More Ontarians should have access to team-based primary care
In our family medicine practice, we regularly ask patients to give us feedback on how we’re doing. They tell us, over and over, that one of the things they like best about our practice is the teamwork – how much they love their doctor but also their social worker, or nurse, or dietitian. And how well they work together.
Our patients are lucky. Our team is lucky. Most Ontarians today have a family doctor but only 1 in 4 Ontarians has access to a primary care team that integrates other health professionals. About 250,000 Ontarians belong to a Community Health Centre (CHC) and about 3 million belong to a Family Health Team like the one we practice in. Community Health Centres have been around a long time and have had a focus on serving marginalized populations. Family Health Teams were introduced just ten years ago in an effort to improve access and primary care for all Ontarians.
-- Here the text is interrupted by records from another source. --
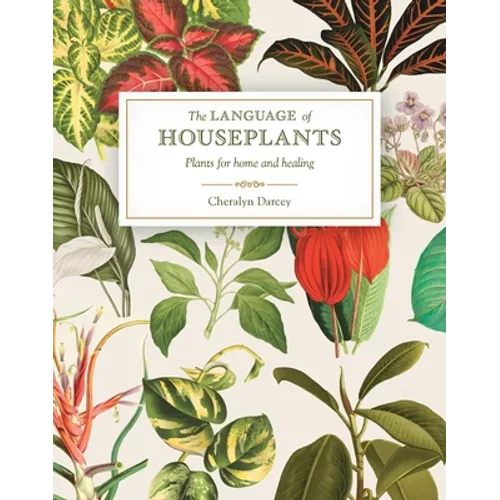 The Language of Houseplants: Plants for Home and Healing - Paperback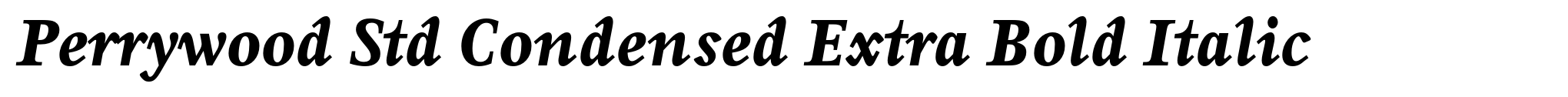 Perrywood Std Condensed Extra Bold Italic image
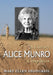 Alice Munro: A Literary Companion by Mary Ellen Snodgrass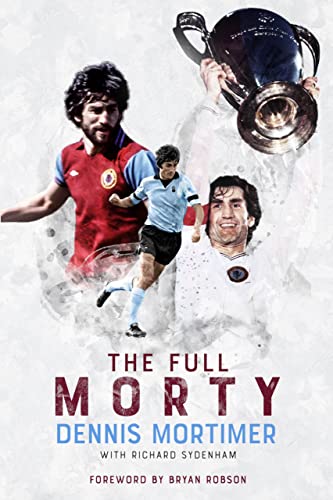 The Full Morty: Dennis Mortimer: The Story of a Holte End King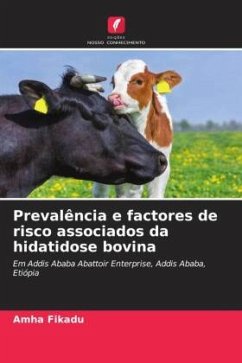 Prevalência e factores de risco associados da hidatidose bovina - Fikadu, Amha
But a decade after they were introduced, only a portion of Ontarians can access Family Health Teams. And what’s more worrying, certain groups seem less likely to belong to one. Research has found that patients living in urban areas, new immigrants, and those who are sicker are less likely to be a patient at a Family Health Team.
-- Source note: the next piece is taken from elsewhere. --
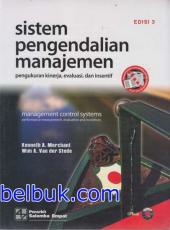 Sistem Pengendalian Manajemen: Pengukuran Kinerja, Evaluasi, dan Insentif (Edisi 3)
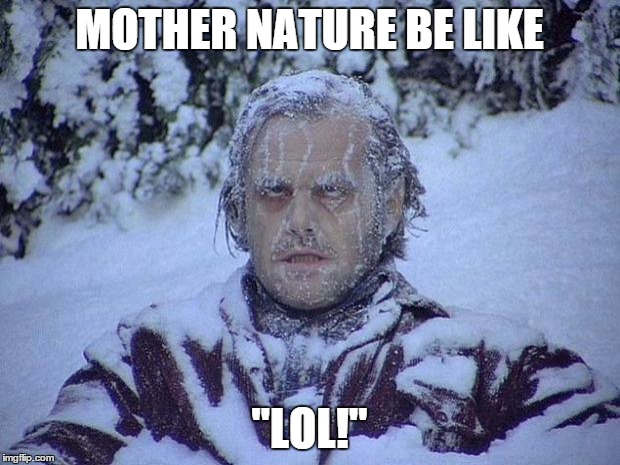 Jack Nicholson The Shining Snow | MOTHER NATURE BE LIKE; "LOL!" | image tagged in memes,jack nicholson the shining snow | made w/ Imgflip meme maker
Why is access to Family Health Teams so unequal? The reasons are complex but to some degree it comes down to money. Physician groups can only apply to become a Family Health Team if they agree to change how they get paid. Instead of getting a fee per patient visit, they must agree to switch to salary or capitation payment. In capitation, physicians get a set fee per patient per year, regardless of the number of visits, with the amount varying based on the patient’s age and sex. In some jurisdictions, capitation payments also take into account patients’ medical complexity or social vulnerability. But, in Ontario, the capitation formula only adjusts for age and sex.
That means that a doctor paid by capitation in Ontario gets the same annual amount to look after a healthy 20 year old male who only comes to the doctor once a year as they would to look after a 20 year old male with type 1 diabetes and depression who needs to be seen monthly. Not surprisingly, doctors with sicker patients are less likely to want to get paid by capitation in Ontario – and so less likely to become a Family Health Team.
To make things more complicated, Ontario physicians paid by capitation are also eligible to earn bonuses. One of these bonuses, the Access Bonus, pays physicians up to $50,000 more in a year if their patients don’t see physicians practicing in another clinic.
As it turns out, switching to a capitation model was attractive for many rural and small town physicians because they easily qualified for the Access Bonus. Their patients often didn’t have any walk-in clinics to go to. But, many urban physicians knew they would never qualify for the Access Bonus – not because they didn’t try to see their own patients, but because many of their patients would go to walk-in clinics because they were more convenient. This means that Family Health Teams are less likely to care for groups that live primarily in urban areas, like recent immigrants or people who are homeless or underhoused.
So we end up with an inequitable system. Many Ontarians with the greatest needs for team-based primary care are least likely to have access. Some call this the inverse care law.
Getting out of this mess will be difficult, but we suggest two potential first steps. One is changing the capitation “formula” so that it accounts for a patient’s medical complexity or social vulnerability. Another is modifying or eliminating the Access Bonus. But instead of moving in this direction, the government has restricted entry of physicians into capitation models and therefore also Family Health Teams, perpetuating and potentially exacerbating current inequities.
Many organizations in the U.S. are trying to shift family doctors from fee-for-service payment to capitation. They should be mindful when they design their payment systems that they improve equity and not make it worse.
We get paid through capitation and we like the flexibility it gives us. It means we can spend more time with patients when we need to and also have an incentive to provide care by phone or email. But ironically, we know that in our current system, we would make more money if we served healthier patients. That kind of incentive is just wrong.
Our team at St. Michael’s has unique relationships with the hospital and university that has made becoming a Family Health Team financially practicable – despite our urban setting and our mission to serve the sick and the poor. Other physicians (and their patients) aren’t as lucky.
We love working in a Family Health Team. We know our patients benefit from the excellent team that can help them with everything from medication side effects to how to eat healthier to how to decrease their household debt. All Ontarians deserve the same.
Tara Kiran and Rick Glazier are family doctors at the St. Michael’s Hospital Family Health Team.